## Provided data
★ ★ ★ ★
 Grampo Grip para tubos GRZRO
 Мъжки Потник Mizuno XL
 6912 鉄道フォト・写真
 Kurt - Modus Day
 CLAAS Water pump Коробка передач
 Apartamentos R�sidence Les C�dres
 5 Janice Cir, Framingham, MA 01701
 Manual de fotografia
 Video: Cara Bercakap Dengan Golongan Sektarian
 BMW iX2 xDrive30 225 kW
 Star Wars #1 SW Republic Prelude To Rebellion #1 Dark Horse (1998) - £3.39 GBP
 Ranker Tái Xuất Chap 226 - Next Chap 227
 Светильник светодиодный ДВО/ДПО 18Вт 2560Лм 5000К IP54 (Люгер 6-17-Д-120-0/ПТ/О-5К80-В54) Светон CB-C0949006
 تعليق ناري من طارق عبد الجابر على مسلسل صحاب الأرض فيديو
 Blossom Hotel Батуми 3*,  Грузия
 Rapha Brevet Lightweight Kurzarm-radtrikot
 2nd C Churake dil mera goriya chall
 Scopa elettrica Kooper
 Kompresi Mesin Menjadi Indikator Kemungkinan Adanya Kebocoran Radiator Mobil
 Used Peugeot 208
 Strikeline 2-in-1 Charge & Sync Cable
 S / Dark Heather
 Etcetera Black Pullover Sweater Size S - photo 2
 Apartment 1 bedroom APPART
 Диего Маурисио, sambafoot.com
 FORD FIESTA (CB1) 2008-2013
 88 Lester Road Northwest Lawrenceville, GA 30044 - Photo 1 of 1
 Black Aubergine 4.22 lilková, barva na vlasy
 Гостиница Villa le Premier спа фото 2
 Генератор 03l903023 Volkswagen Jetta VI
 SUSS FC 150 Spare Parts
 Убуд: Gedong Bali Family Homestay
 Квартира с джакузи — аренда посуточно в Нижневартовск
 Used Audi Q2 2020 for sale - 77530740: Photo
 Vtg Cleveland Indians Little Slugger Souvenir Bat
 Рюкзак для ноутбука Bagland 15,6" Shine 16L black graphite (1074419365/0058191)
★ ★ ★ ★
## Exercise instructions
Go through the records line by line and count those that contain the string "Dark". Answer with the count alone.

## Task solution
2